L’économie : La fin de l’hiver financier
C’est le message phare que les foyers suédois attendaient. Le Premier ministre a officiellement déclaré que « l’inflation est vaincue ». Après une période de forte pression sur le pouvoir d’achat, 2026 doit marquer le retour de la croissance réelle.
Soutien aux ménages : Profitant de la baisse des taux d’intérêt, le gouvernement prévoit des mesures fiscales pour alléger le budget des familles.
Prospérité retrouvée : Selon Kristersson, la Suède dispose désormais des marges de manœuvre nécessaires pour investir à nouveau dans ses services publics, notamment la santé et l’éducation.
Sécurité : Une guerre sans merci contre les gangs
Sur le front de la criminalité organisée, le ton reste d’une fermeté absolue. Kristersson a réaffirmé que 2026 sera l’année de l’application stricte des réformes judiciaires votées l’an dernier.
Tolérance zéro : Suppression définitive des remises de peine pour les récidivistes et maintien du déploiement policier massif dans les zones sensibles.
Priorité aux victimes : « Le droit à la sécurité des citoyens honnêtes doit toujours primer sur le confort des criminels », a-t-il martelé, promettant de « briser le pouvoir des gangs » cette année encore.

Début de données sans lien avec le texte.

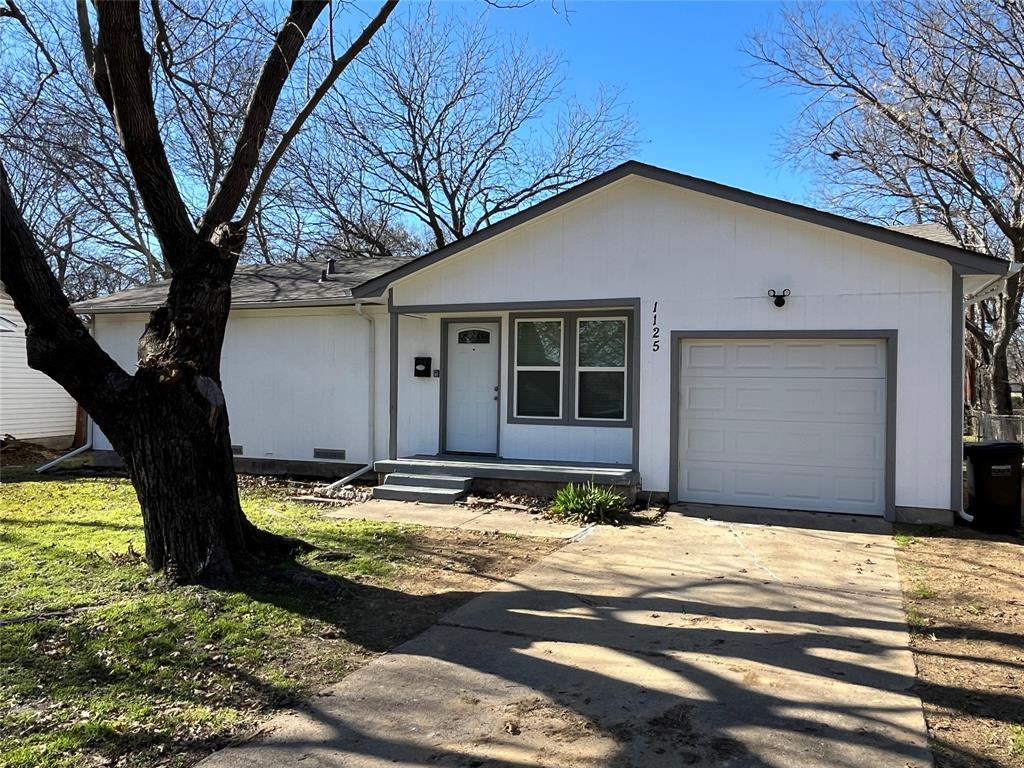 1125 Rancho Drive Mesquite, TX 75149 - Photo 3 of 23 Ranch-style house featuring concrete driveway and an attached garage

Intégration : La citoyenneté comme un engagement
Le Premier ministre a également abordé le dossier brûlant de l’immigration, avec une vision axée sur le mérite et l’assimilation.
Tests de langue suédoise : Dès cette année, la maîtrise de la langue devient un pilier central pour l’accès à certaines prestations sociales.
Valeurs nationales : Kristersson a rappelé que la citoyenneté suédoise est un contrat. Elle implique de partager les valeurs libérales du pays et de participer activement à la défense nationale, un message fort dans le contexte de l’adhésion à l’OTAN.
Défense et Ukraine : La Suède, pilier du Nord
Sur le plan international, la Suède assume son nouveau rôle au sein de l’alliance atlantique.
Soutien indéfectible à Kiev : Un nouveau fonds de 2 milliards de couronnes (SEK) est débloqué pour 2026 pour soutenir l’effort de guerre ukrainien.
Investissement militaire : Pour garantir la sécurité nationale, le budget de la défense continuera de croître pour atteindre un niveau historique, consolidant la position de la Suède comme puissance de défense en mer Baltique.
À la différence de la Première ministre danoise, Mette Frederiksen, qui a choisi la voie de l’introspection sociale, Ulf Kristersson se présente comme le chef d’orchestre d’une Suède en reconquête de confiance. Son pari politique repose moins sur le mea culpa que sur une promesse de redressement et de stabilité.
À l’horizon 2026, son principal défi est clair : transformer les annonces de prospérité économique en résultats tangibles, capables de convaincre un électorat encore profondément marqué par l’enchaînement des crises inflation, énergie, sécurité et incertitudes géopolitiques.